Vandalism o’ the Week: Somebody keyed a wavy line all the way around a car and carved the words “Fuck you bitch ass” on the hood.
A debit card thief went on a big-time bar-hopping spree. Over the course of three nights, the thief used the card at nine different bars in downtown Charleston and Mt. Pleasant, visiting one bar three times.
Baby Mama Drama o’ the Week: A woman and her male friend say they were sitting in a car in a restaurant parking lot when a second woman — who may or may not have been pregnant with the man’s child at the time — walked up, opened the car door, and pepper-sprayed the first woman in the face. But when police arrived on scene, they noted that the inside of the car did not smell like pepper spray and the woman’s eyes did not appear to be very irritated.
During a traffic stop, an officer found a cardboard box in a car trunk that was held shut with tape and half-wrapped in wrapping paper. When the cop picked up the box, the driver lunged at him and then said the box was a gift for his niece. The box contained two pounds of marijuana.
“Oh shit,” a man said as a bag containing 24 grams of weed fell out of his jacket pocket directly in front of a police officer.
Somebody stole a woman’s debit card information and used it to make more than $300 worth of purchases at a beauty supply store. Money can’t buy happiness, but $300 sure can buy a lot of hair products.
An employee of a hair salon is accused of stealing a cash deposit that he was supposed to take to the bank. Guess he decided to cut and run.
A police officer was parked on a residential street one afternoon when he saw a man standing on the sidewalk waving his arms as if to get the officer’s attention. When the officer asked the man if he was OK, he replied, “Yeah, are you?” The cop asked the man why he was waving his arms around, and the man replied, “You got a fucking problem?” and then ran away. The officer caught the man, frisked him, and found half a gram of weed in his pocket.
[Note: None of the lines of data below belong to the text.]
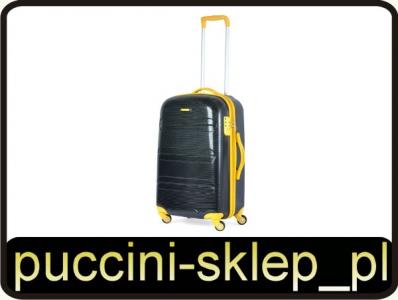 NEW  Średnia walizka PUCCINI PC012 czarno-żółta
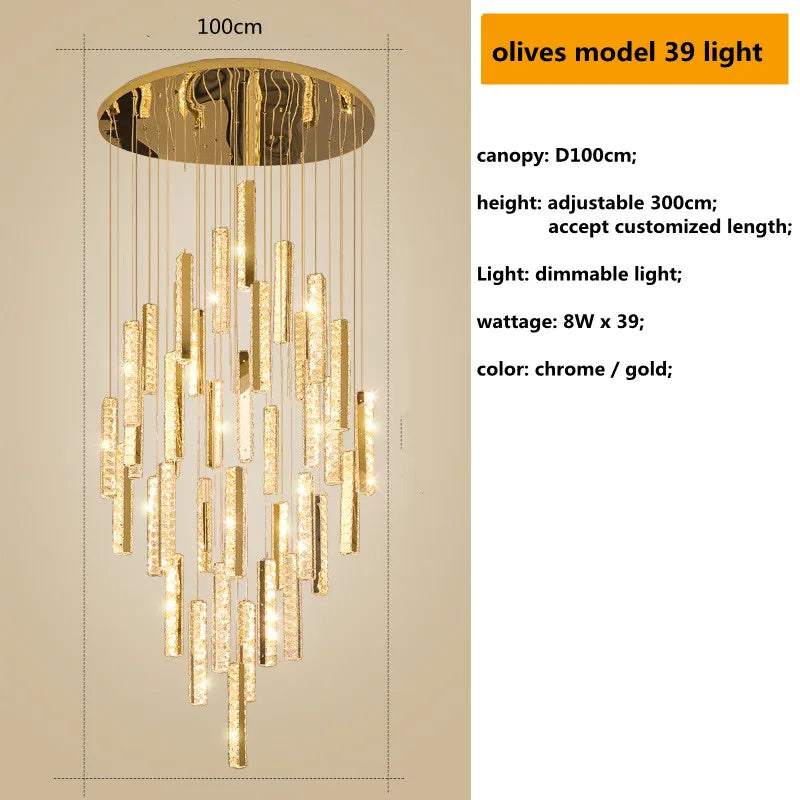 Decorbites™ Gold Chrom Stahl Kristall Anhängerleuchten mit dimmbarer LED für Villen-Treppe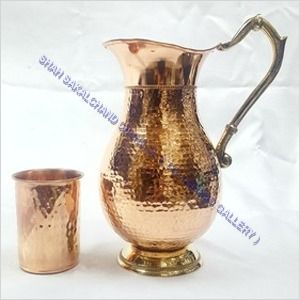 Copper Jug and Glass Set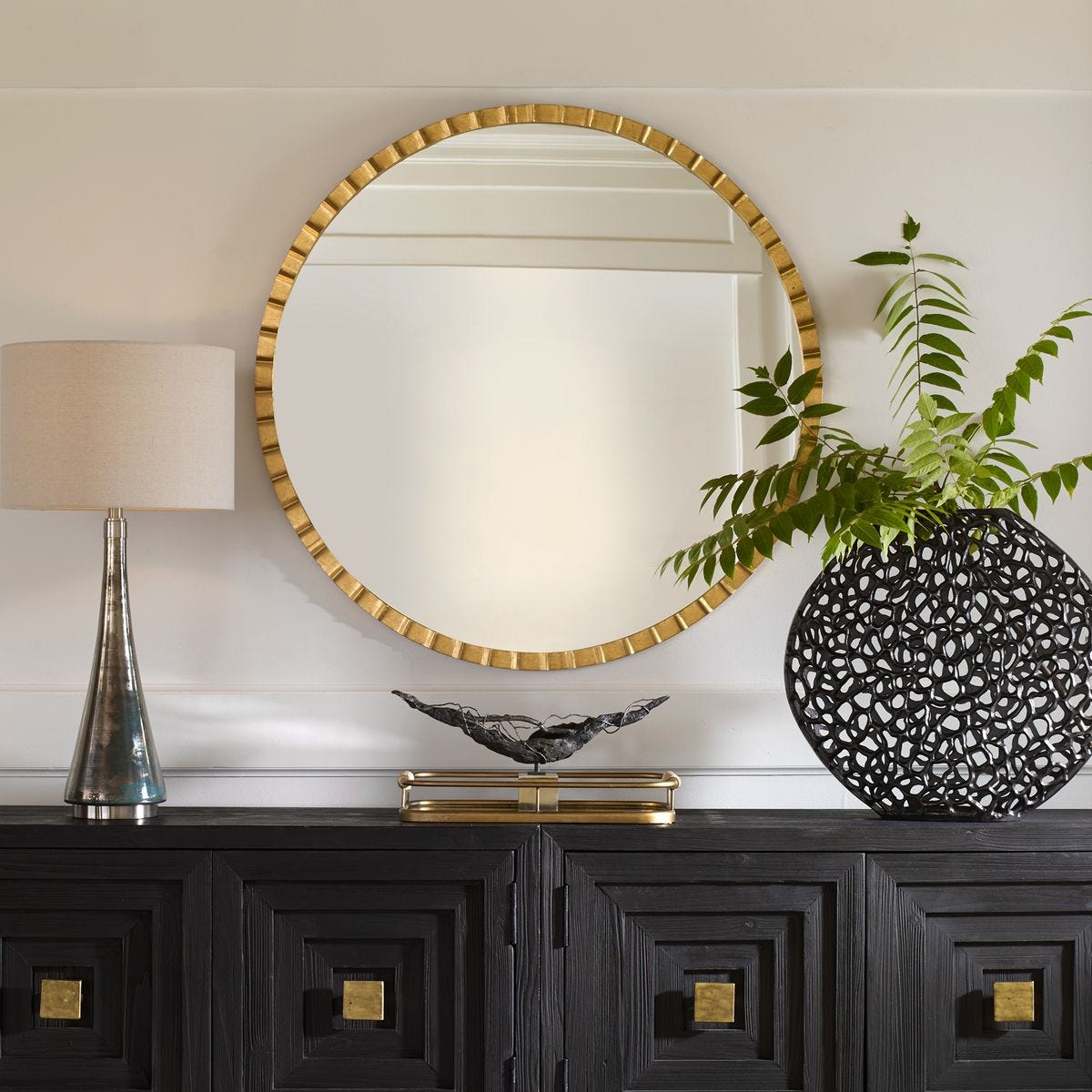 Distressed Gold Mirror - Large, Round, Gold Leaf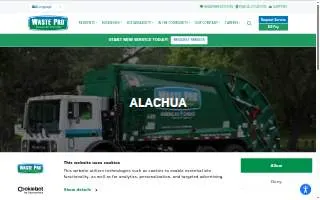 Waste Pro of Alachua website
Drug Dealer Fail o’ the Week: A business owner checked his P.O. box and found a package that had been returned to his address due to a lack of postage. He asked around his business, and nobody said they had sent the package. He opened it and found three grams of what was described as a cocaine-like substance.
A man whom police describe as a “known vagrant and drunkard” was standing in front of a convenience store harassing customers. When a cop confronted him, the man said, “So what? I can stand here as long as I like. Don’t come at me with that shit.”
A woman says she got in a fight with her brother after confronting him about sitting on the couch and drinking all the soda. The brother allegedly flew into a rage and kicked a nearby flat-screen TV, breaking the frame and shattering the screen.